SPH braces for a tough year ahead, ad revenue dips

Singapore Press Holdings (SPH) has reported a 20.4% drop in its annual net profit mainly due to a lower fair value gain on investment properties.

Advertisement revenue for its media business also contributed to the loss. Revenue numbers for the media business dropped by SG$60.9 million or 6.3% compared to the previous year. Mirroring publishing industry’s downward trend globally,  SPH’s ad revenue fell by SG$53.7 million, indicating a 7.4% fall.

SPH said in a press statement that during the year, the performance of the media business was impacted by “muted economic growth, a sluggish advertising market and structural challenges confronting the media industry.”

Most recently, SPH magazine shut down its Singapore version of Cosmopolitan magazine. A spokesperson had said that as “a business model, the magazine is not sustainable”.

Alan Chan, chief executive officer of SPH, said operating environment will likely remain challenging for the year ahead. He added that amid difficult times, the group is nonetheless “seeing growth in its digital media revenues and will continue to evaluate and pursue growth opportunities.”

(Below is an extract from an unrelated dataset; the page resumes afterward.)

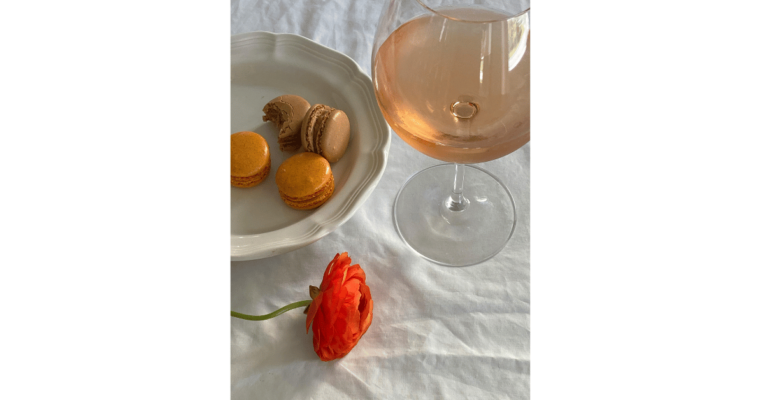 A glass of rose wine placed near sweet macarron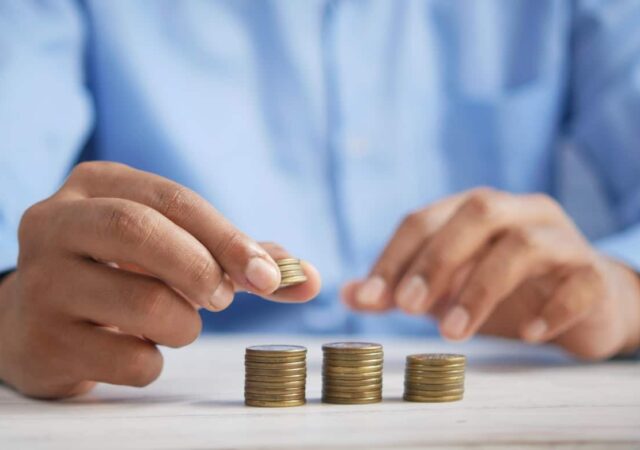 Man placing coins into different size piles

Revenue from the group’s other businesses fell SG$3.0 million or 6.4% against FY2014, as revenue for the exhibitions business was affected by timing differences in show dates. Total operating expenditure dipped by SG$30.9 million or 3.5% YOY to $851.2 million, mainly attributable to reduced newsprint, utility and production costs.

However, property revenue for the group surged by SG$25.8 million or 12.6% YOY, boosted by contribution from The Seletar Mall which commenced business during the financial year, and higher rental income from Paragon and The Clementi Mall.